Amazon SageMaker is a fully managed service that removes the heavy lifting from each step of the machine learning workflow, and provides every developer and data scientist with the ability to build, train, and deploy machine learning (ML) models quickly. The Amazon SageMaker BlazingText algorithm provides highly optimized implementations of the Word2vec and text classification algorithms. The Word2vec algorithm is useful for many downstream natural language processing (NLP) tasks, such as sentiment analysis, named entity recognition, machine translation, etc. Text classification is an important task for applications that perform web searches, information retrieval, ranking, and document classification. Learn more about Amazon BlazingText algorithm here.

Sentiment Analysis

Sentiment Analysis is an application of NLP. Teaching a machine to analyse a sentiment is a classification problem. Here the ML model undergoes a supervised learning where the input data has features that teach the model to predict the label(e.g. Positive, Negative, Neutral).
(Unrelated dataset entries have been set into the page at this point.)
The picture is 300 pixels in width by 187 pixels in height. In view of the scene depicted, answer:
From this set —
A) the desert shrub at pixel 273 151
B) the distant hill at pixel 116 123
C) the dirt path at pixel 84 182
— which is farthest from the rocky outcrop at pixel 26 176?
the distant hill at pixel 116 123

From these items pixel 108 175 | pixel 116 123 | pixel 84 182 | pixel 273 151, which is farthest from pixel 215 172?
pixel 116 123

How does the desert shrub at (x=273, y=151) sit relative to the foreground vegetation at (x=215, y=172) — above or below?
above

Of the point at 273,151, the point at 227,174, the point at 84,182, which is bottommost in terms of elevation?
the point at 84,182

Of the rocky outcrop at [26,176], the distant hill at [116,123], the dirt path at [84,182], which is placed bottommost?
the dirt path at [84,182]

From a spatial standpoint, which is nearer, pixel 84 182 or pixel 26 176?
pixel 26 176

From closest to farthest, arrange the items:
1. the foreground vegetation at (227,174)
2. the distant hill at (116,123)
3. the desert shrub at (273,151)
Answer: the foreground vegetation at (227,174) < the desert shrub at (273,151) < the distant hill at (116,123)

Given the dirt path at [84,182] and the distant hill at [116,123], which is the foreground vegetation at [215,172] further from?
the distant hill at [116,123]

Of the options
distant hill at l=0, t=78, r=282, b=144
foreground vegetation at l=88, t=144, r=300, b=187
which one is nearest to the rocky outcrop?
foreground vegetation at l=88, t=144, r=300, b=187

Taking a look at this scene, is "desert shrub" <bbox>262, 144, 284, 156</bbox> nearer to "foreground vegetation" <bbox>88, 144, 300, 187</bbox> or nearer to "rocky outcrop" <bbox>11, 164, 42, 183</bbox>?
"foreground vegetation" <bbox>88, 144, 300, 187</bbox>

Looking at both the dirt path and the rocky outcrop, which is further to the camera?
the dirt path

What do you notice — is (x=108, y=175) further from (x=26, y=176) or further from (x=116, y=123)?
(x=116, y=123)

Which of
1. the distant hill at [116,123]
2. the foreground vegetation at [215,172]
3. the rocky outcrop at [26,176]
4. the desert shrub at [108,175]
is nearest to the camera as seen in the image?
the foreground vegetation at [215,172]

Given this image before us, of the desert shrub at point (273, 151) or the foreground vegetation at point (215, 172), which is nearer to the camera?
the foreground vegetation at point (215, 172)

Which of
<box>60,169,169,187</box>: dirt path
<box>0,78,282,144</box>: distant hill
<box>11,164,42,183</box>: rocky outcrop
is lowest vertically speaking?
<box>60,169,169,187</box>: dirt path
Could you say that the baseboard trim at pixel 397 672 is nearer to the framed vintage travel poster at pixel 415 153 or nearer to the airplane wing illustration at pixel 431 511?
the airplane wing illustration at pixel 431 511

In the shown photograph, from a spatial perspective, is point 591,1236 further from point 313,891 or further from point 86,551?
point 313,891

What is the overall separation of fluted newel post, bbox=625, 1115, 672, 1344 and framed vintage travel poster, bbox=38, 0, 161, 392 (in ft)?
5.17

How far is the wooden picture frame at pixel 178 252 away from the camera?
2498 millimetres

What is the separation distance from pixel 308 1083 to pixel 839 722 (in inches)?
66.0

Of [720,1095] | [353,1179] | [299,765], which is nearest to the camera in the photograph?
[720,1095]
There are various use cases of Sentiment Analysis wherein businesses can gather the public sentiment on a product that was released recently.

SageMaker Studio

In this lab, we will be using the SageMaker Studio. Amazon SageMaker Studio provides a single, web-based visual interface where you can perform all ML development steps. SageMaker Studio gives you complete access, control, and visibility into each step required to build, train, and deploy models.
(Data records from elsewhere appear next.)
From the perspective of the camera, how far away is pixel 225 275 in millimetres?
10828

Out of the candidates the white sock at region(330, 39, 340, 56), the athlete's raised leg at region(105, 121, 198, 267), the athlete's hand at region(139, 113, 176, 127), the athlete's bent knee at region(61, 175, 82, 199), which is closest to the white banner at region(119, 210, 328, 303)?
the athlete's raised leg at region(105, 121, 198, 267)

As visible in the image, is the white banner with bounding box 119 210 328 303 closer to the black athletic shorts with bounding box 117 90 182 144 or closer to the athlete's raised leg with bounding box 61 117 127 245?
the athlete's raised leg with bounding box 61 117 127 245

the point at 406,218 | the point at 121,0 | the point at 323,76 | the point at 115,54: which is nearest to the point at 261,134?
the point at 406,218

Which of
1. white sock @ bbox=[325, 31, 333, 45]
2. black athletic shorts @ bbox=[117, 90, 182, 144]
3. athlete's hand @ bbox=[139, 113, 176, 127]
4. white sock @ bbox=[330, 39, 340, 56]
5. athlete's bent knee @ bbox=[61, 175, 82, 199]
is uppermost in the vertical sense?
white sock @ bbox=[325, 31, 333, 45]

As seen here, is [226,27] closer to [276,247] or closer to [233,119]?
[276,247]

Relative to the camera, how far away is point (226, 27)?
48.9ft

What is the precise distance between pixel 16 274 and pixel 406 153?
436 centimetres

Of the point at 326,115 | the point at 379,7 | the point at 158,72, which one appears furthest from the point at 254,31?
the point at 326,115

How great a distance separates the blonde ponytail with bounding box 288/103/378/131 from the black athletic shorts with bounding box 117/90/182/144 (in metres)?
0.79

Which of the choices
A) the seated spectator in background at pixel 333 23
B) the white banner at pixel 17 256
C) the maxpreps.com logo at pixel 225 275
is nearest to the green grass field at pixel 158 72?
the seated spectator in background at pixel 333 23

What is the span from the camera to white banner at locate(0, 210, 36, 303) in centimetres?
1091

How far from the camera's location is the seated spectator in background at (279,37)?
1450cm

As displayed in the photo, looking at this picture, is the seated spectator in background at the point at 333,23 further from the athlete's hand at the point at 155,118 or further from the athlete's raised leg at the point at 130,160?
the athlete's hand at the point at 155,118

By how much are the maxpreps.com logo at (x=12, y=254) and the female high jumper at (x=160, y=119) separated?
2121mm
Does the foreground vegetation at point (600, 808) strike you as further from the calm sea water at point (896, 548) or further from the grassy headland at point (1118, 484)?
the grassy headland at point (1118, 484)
All ML development activities including notebooks, experiment management, automatic model creation, debugging, and model and data drift detection can be performed within SageMaker Studio.

To know more. See here.

Setup

  1. Navigate to the Amazon SageMaker service in the AWS console.
  2. The SageMaker console is displayed as below. Click on the SageMaker Studio button. Before using the SageMaker studio, we will first need a SageMaker Domain. If you have a SageMaker Domain created already, you could use the same. Else a SageMaker domain will have to be created.
  3. To create a new SageMaker Domain enter a Name aiml-innovate-2023 in the Name section, data-scientist-1 in the User Profile section and then Create a new role.
  4. For this lab, we will allow the new execution role access to Any S3 bucket. Once selected, click on Create Role.
  5. Once back on the Create Domain page, Click on Submit button to create the Domain. The domain creation takes a few minutes.
  6. Once the domain is created, Click on the Launch Studio to Launch the SageMaker Studio. This takes a couple of minutes before the IDE is launched.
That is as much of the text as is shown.